Unlike Cyprus, Greece does not have the luxury of several massive depositors. In fact, according to JPM, the distribution of deposits appears to be relatively flat. JPM continues:
... under a stress scenario of prolonged impasse, Greek depositors will be likely hit while ELA claims are protected. There is currently €120bn of deposits with Greek banks. A haircut increase on ELA collateral assets from our currently estimated level of 43% to 60%, for example, would require a €26bn deposit haircut or 20% of outstanding bank deposits assuming for simplicity no available buffer from shareholders or bond holders. A bigger increase in the collateral haircut, for example to 75%, would require a €50bn deposit haircut or 40% of outstanding bank deposits.
Whereas we disagree with JPM's calculation due to our baseline assumption that the current haircut level is more in the 48% region, we do agree with the directionality. As a reminder, this was our own math as laid out last week:
But what does this mean for ordinary Greeks, those who have negligible amounts still held by Greek banks despite our recurring pleas to withdraw their funds ahead of just this eventuality? Sadly, nothing good. Here is JPM's conclusion:
Could deposits below €100k be protected as it happened in Cyprus? The answer depends on the total amount of deposits above €100k. If there are enough of these large deposits above €100k, then most likely any required deposit haircut will be inflicted on these depositors only. There are no recent data on how big this universe of large deposits is. The most recent data from the European Commission suggest that at the end of 2012, covered (i.e. those below €100k) represented 75% of eligible Greek deposits. We suspect this number is now significantly higher leaving little room for depositors with less than €100k to be spared.
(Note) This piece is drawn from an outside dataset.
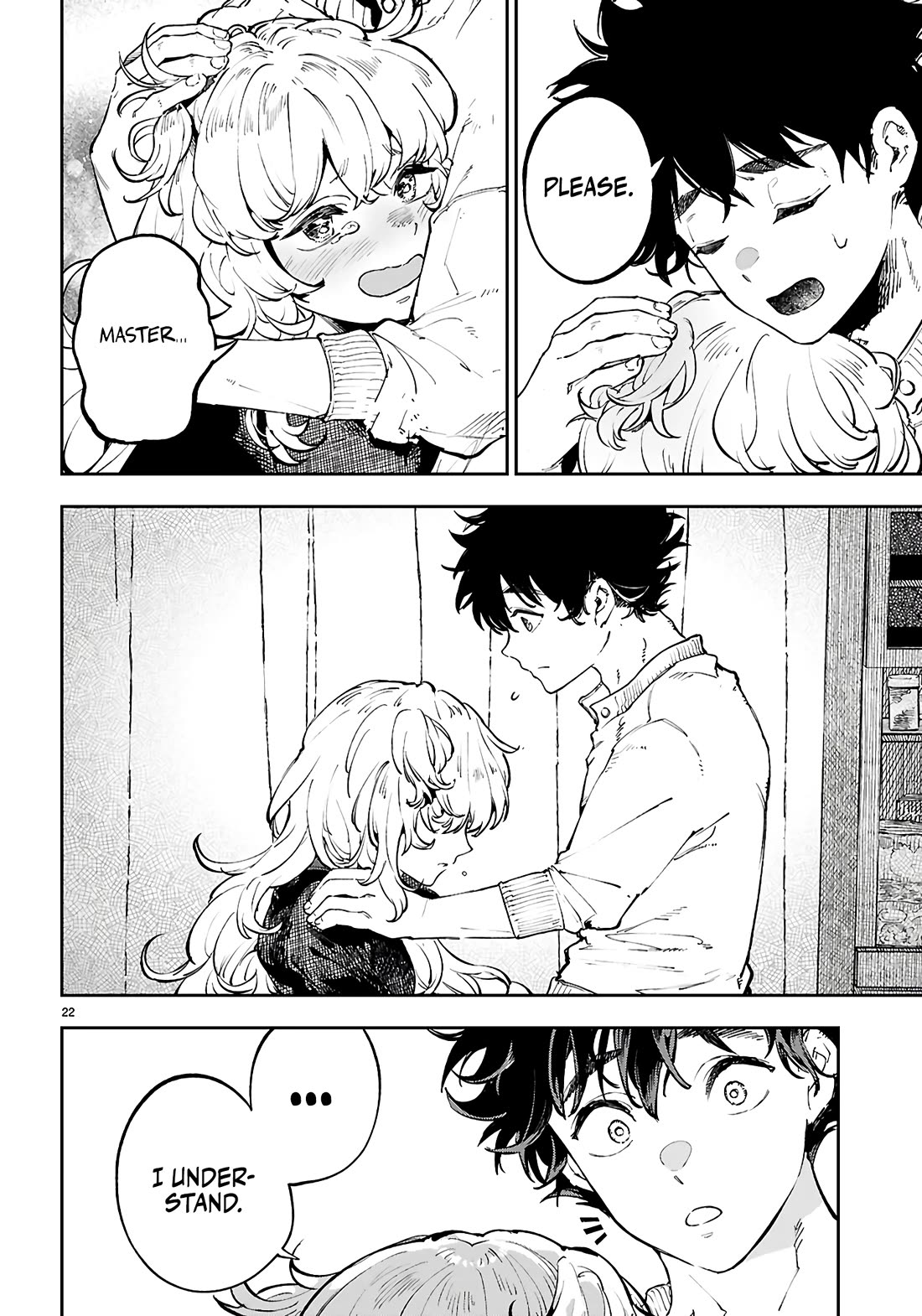 Irresistible! The Ordinary(?) Daily Life of a Reincarnated Sage chapter 6 page 23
And the reserves that the Greek state has to back its bank deposit guarantee are miniscule, likely not more than a couple of billions euros.
Which means that unlike Cyprus, which was mostly a targeted punitive bail-in aimed almost entirely at Russian oligarchs, should the ECB indeed enact ELA haircuts which it may have to do as soon as Monday in the case of a No vote, it will be the ordinary Greeks who will see their already meager savings get haircut even more, anywhere between 30%, potentially up to 100% if the ECB were to announce the entire ELA no longer legal, pulls all funding and locks up Greek bank collateral.
Will the ECB do that? We don't know, however Varoufakis' gambit is simple: should the ECB engage the full Greek haircut it will incite an immediate panic and risks a run on other peripheral banks and the true spread of Greek contagion to Italy, Spain, Portugal and all other economically crushed countries where an anti-austerity politician is a frontrunner for the next leadership position. Such as France.